# Prompt:
Leave out the pictures and retype, exactly, the lines below from the line with "All 24 used" up to and including the line with "Preview: Close Up", nothing more.

# Entries provided:
+++

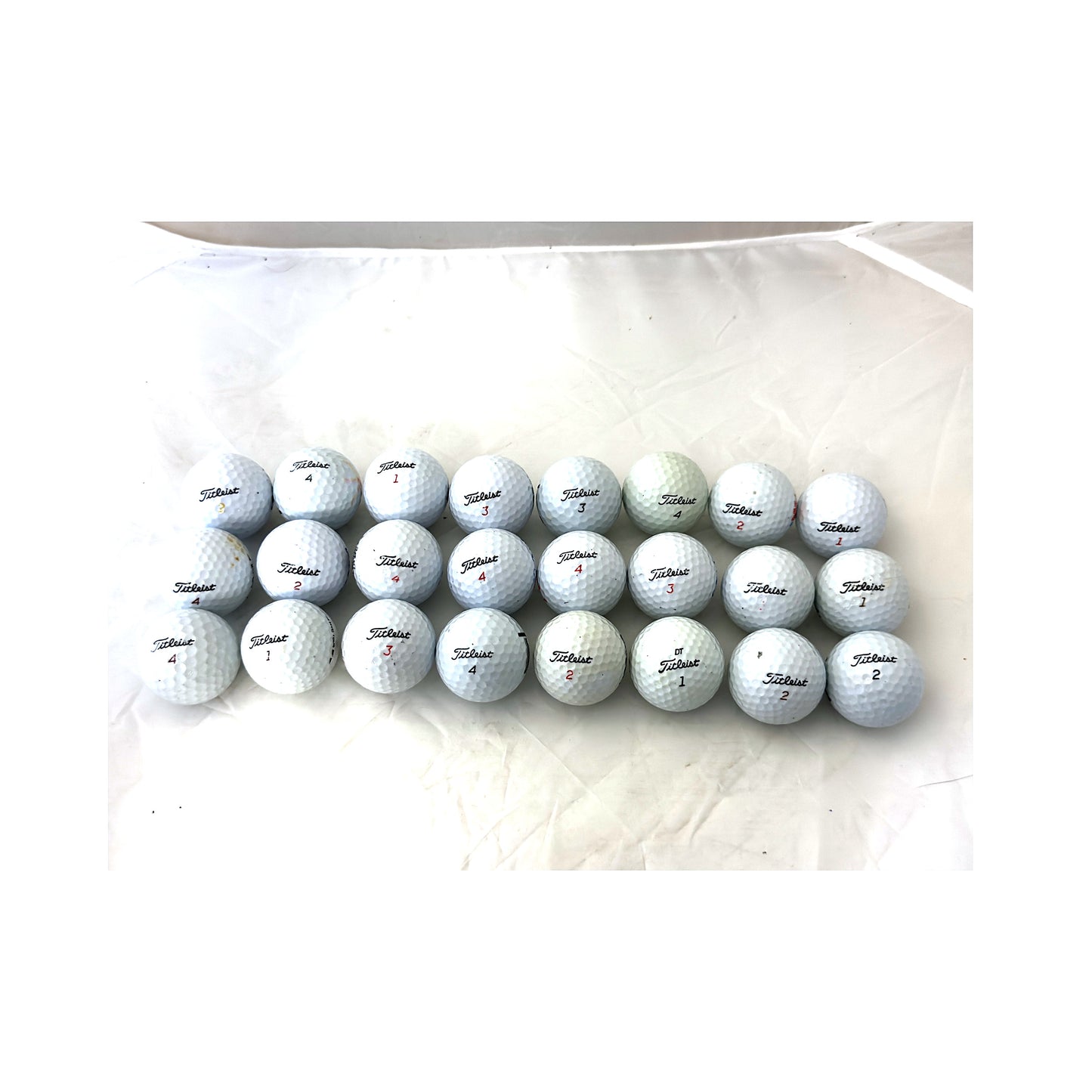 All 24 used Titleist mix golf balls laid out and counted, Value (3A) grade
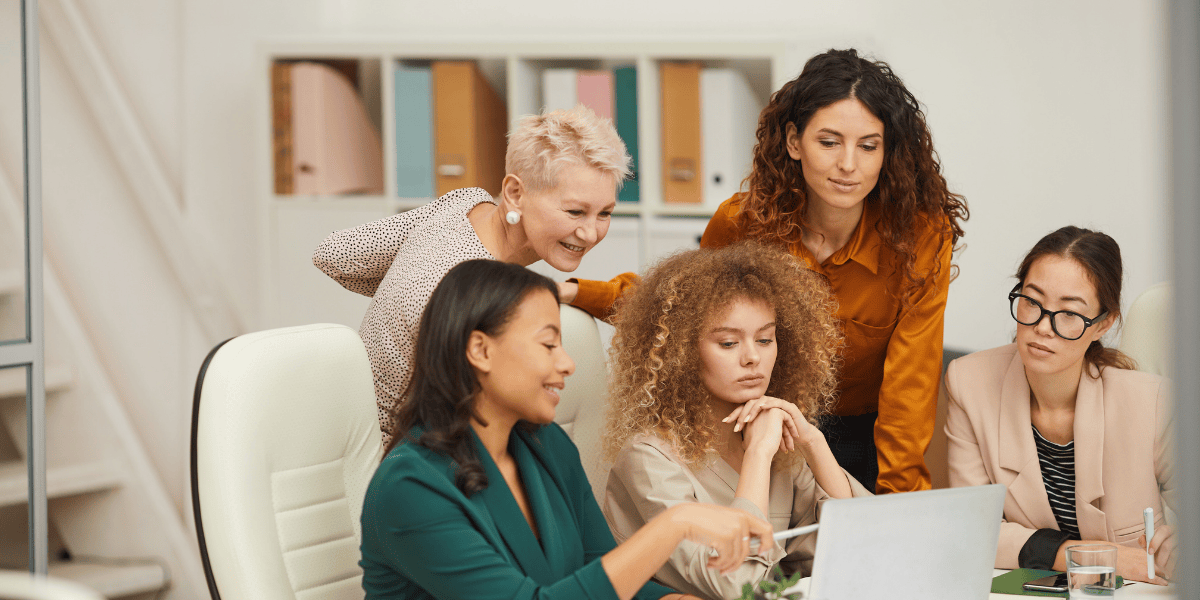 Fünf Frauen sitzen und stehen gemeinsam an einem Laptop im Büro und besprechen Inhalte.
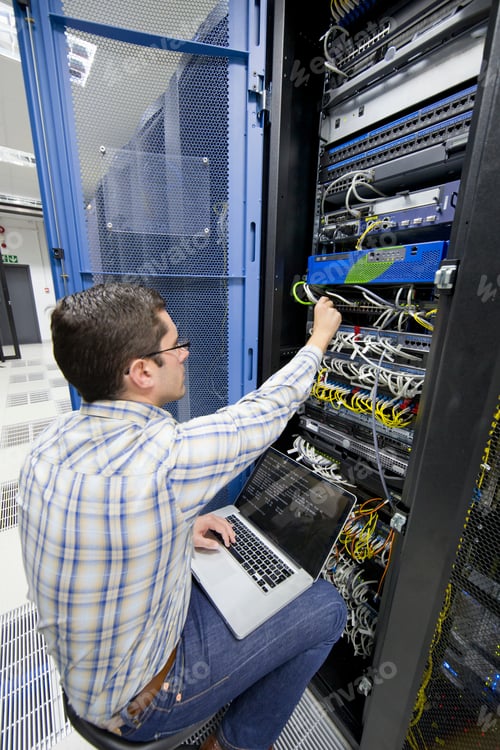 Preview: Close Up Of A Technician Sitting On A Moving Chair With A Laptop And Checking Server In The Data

+++

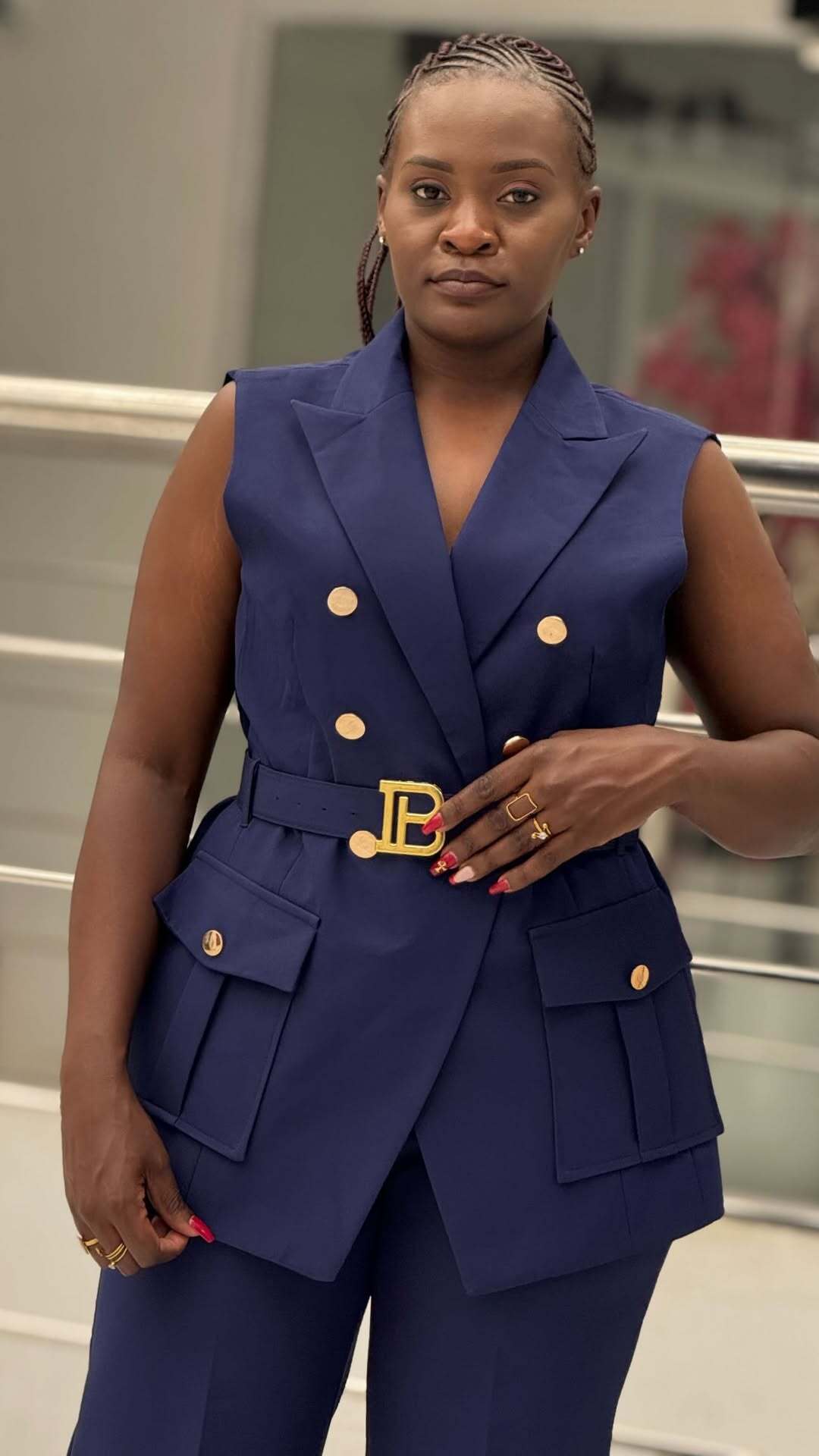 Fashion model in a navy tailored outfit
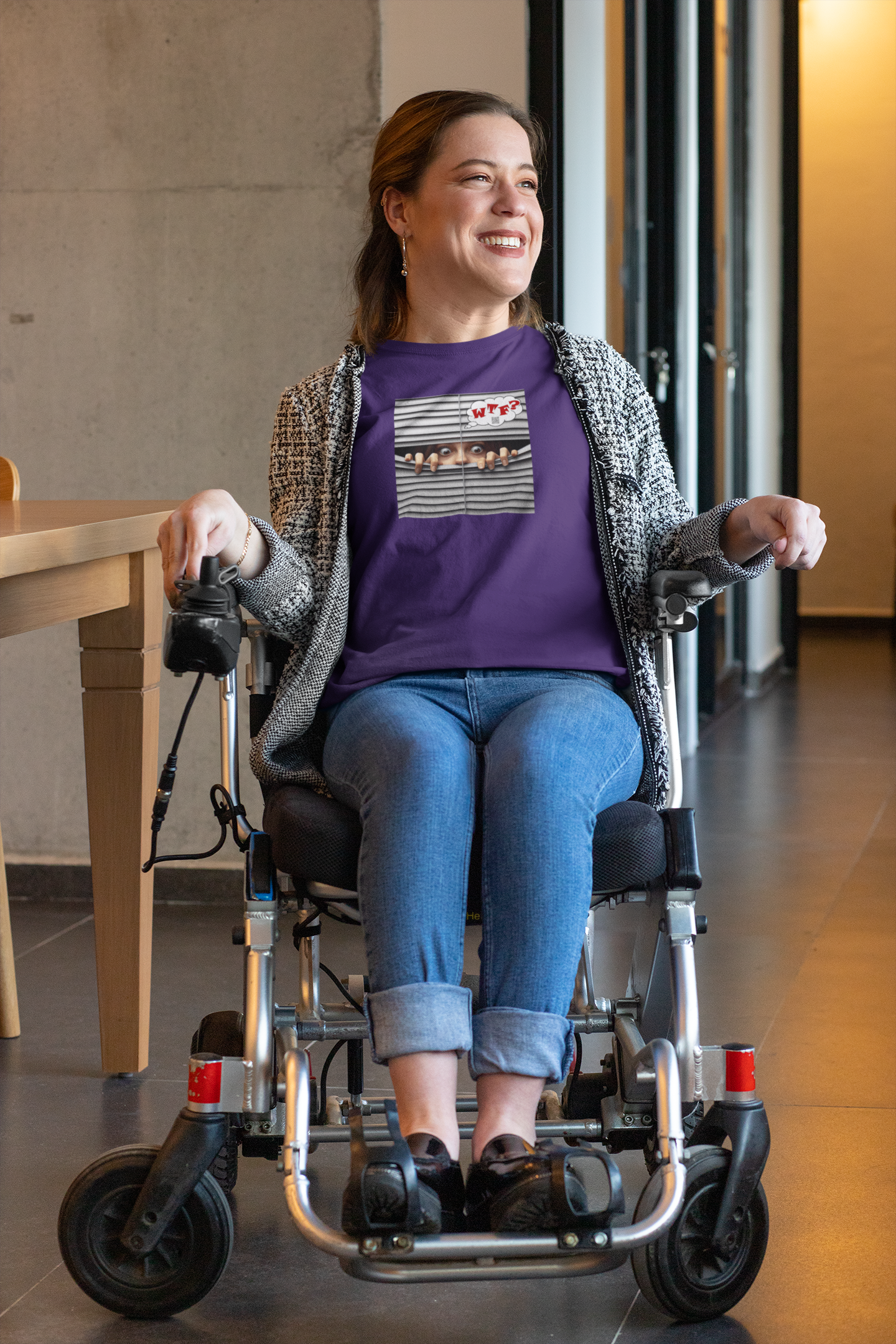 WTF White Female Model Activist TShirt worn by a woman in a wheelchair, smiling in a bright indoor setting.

+++

# Solution for this exercise:
 All 24 used Titleist mix golf balls laid out and counted, Value (3A) grade
 Fünf Frauen sitzen und stehen gemeinsam an einem Laptop im Büro und besprechen Inhalte.
 Preview: Close Up Of A Technician Sitting On A Moving Chair With A Laptop And Checking Server In The Data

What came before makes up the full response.